É verdade. Toda a gente diz tanta coisa. Toda a gente acha que encontrou a fórmula para a melhor forma de fazer. E eu também acho que sei e que sei a melhor forma. Mas às vezes também tenho dúvidas. E todas as mulheres que sentem essas dúvidas procuram ajuda, querem opiniões e às vezes essas opiniões deixam-nas baralhadas. Outras vezes não procuram opiniões mas toda a gente teima em comentar o que fazem, como fazem, se concordam se não concordam e por fim parece haver uma infindável gama de literatura sobre todos os assuntos e métodos. Claro que os mais frequentes são o evitar colo, não o habitue mal, dê-lhe limites, diga que não, e nós lemos vamos ficando com um nozinho na garganta e ou aceitamos que estamos contra o mundo ou aderimos a esta conversa errada (é a minha opinião).

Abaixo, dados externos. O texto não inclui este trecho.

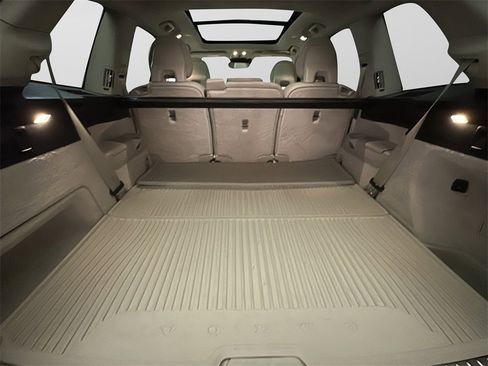 Used 2016 Volvo XC90 T6 Momentum w/ Momentum Plus Package image 28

Sou da escola da minha mãe, acho que não existe mimo nem amor a mais. É, digamos, uma coisa impossível. Mas tantas nuances há à volta de opiniões que se partilham, tanto se diz que contraria o instinto das mães, e tantos dias há que me sinto sozinha nos meus métodos e que parece que nem o meu marido os compreende que sabe bem descobrir uma pérola que nos apoia. Meso que seja num texto ou num livro.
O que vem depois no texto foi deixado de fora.